» **Exercise instructions**
Write out every line from the listing below where the string "Waterproof" is found.

━━━━━ Provided records

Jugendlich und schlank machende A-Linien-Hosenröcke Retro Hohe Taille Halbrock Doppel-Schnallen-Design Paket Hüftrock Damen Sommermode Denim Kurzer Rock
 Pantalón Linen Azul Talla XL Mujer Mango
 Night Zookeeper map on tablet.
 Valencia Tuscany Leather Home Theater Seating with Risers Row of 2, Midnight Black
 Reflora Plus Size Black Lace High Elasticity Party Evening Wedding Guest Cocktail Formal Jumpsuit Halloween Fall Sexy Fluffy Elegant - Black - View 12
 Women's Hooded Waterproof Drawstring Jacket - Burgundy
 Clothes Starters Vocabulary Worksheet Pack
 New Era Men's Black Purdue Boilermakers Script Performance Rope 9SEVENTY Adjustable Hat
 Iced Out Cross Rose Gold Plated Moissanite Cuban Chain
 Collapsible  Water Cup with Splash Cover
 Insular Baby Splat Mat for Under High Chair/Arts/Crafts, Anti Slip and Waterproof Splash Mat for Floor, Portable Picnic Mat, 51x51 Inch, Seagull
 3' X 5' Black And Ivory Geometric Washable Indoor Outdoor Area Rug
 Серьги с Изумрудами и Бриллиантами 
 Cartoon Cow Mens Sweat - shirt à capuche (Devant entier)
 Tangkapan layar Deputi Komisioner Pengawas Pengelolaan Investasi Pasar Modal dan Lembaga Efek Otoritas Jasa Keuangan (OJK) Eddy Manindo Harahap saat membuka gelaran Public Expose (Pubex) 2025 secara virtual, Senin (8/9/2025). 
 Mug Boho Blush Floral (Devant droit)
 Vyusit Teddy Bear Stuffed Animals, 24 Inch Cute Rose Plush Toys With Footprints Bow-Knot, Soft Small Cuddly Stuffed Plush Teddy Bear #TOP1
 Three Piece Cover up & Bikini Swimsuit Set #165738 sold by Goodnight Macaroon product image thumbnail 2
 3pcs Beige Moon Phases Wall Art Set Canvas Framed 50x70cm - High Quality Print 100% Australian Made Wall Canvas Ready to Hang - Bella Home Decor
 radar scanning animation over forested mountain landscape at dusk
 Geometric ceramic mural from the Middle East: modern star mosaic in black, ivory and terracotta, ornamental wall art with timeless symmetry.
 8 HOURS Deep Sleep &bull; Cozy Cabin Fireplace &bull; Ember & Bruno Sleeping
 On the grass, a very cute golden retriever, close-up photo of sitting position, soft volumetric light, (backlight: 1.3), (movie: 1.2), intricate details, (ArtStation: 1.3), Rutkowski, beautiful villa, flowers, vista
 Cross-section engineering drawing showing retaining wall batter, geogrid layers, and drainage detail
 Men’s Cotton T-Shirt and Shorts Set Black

━━━━━━━━━━

» **Answer below**
 Women's Hooded Waterproof Drawstring Jacket - Burgundy
 Insular Baby Splat Mat for Under High Chair/Arts/Crafts, Anti Slip and Waterproof Splash Mat for Floor, Portable Picnic Mat, 51x51 Inch, Seagull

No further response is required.